Don’t Blame Millennials For All The Emotional Support Animals, Delta’s CEO Said

The situation is “out of control” — but not because of millennials, Ed Bastian told BuzzFeed News.

The CEO of Delta, Ed Bastian, told BuzzFeed News in an interview this week that travelers’ reliance on emotional support animals is “out of control” — but that he doesn’t blame millennials for the boom in in-flight pets.

Delta is among the airlines that cracked down last year on the lightly regulated practice of bringing animals — from dogs to snakes to pigs and, in one case, a peacock named Dexter — on planes, updating its policies first to limit customers to one animal, and then to ban them on flights of more than eight hours. The moves by airlines to crack down on the companions have been interpreted by some as a rejection of millennial needs, with Vice headlining a story on Southwest’s snake ban “War on Millennials,” and a Yale researcher saying Americans should “worry about what [the trend] says about millennials.”

“I don’t attribute emotional support animals to millennials,” Bastian said. “I don’t find it attached to a generation because I see all sorts of people bringing their animals. Including many of my friends. It’s a great way to transport their pets.”

Emotional support animals have become increasingly common on flights. Airlines transported an estimated 784,000 pets, 751,000 comfort animals, and 281,000 service animals in 2017, according to the trade group Airlines for America. Delta previously said “comfort turkeys, gliding possums known as sugar gliders, snakes, spiders, and more” have been spotted on flights.
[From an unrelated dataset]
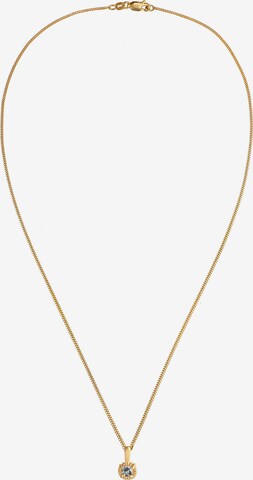 Elli DIAMONDS Ketting in Goud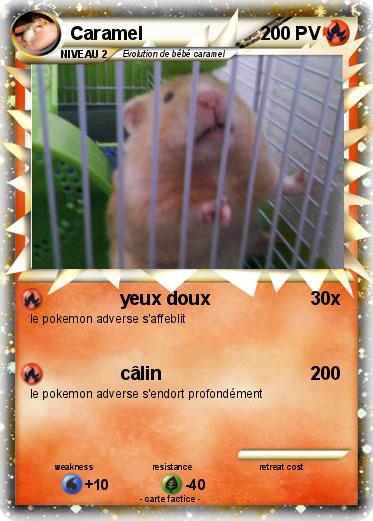 Pokemon Caramel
Delta has been intensely focused, Bastian said, on wooing a new generation of human travelers. Despite the growing prevalence of pets in the cabin, there is little evidence of their effectiveness, and airlines are left to deal with the sometimes vocal opposition from fellow riders irked by in-flight urine, feces, and oinking they bring to flights.

More so than emotional support animals, Bastian said young fliers are “very price sensitive and cost-conscious,” so “what we’re trying to do is offer products for value that people relate to,” like paying a premium for extra room or selecting your seat in advance.

The Atlanta-based airline reported $41.2 billion in revenue in 2017.

“The millennials ... value experiences over goods, and we are a big beneficiary of that as we sell experiences,” Bastian added. “It’s driving a lot of our technologies and strategies.”